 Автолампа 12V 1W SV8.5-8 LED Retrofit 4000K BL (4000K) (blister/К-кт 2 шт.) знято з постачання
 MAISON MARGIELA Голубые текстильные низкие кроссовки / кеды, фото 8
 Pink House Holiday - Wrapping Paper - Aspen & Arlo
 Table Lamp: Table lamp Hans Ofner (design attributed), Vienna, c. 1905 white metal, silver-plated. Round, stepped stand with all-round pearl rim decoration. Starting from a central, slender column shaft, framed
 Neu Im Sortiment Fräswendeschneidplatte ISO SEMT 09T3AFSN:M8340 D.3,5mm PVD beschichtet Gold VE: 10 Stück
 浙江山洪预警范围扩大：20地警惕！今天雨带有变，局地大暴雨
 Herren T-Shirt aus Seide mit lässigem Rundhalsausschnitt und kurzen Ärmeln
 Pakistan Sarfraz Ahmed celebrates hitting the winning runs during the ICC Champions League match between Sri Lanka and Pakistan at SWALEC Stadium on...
----
_TASK DETAILS_:
Only the lines from the first line of the records through the line with "Pink House Holiday" should be reproduced, exactly and with nothing added.

_RESPONSE TO THE TASK_:
 Автолампа 12V 1W SV8.5-8 LED Retrofit 4000K BL (4000K) (blister/К-кт 2 шт.) знято з постачання
 MAISON MARGIELA Голубые текстильные низкие кроссовки / кеды, фото 8
 Pink House Holiday - Wrapping Paper - Aspen & Arlo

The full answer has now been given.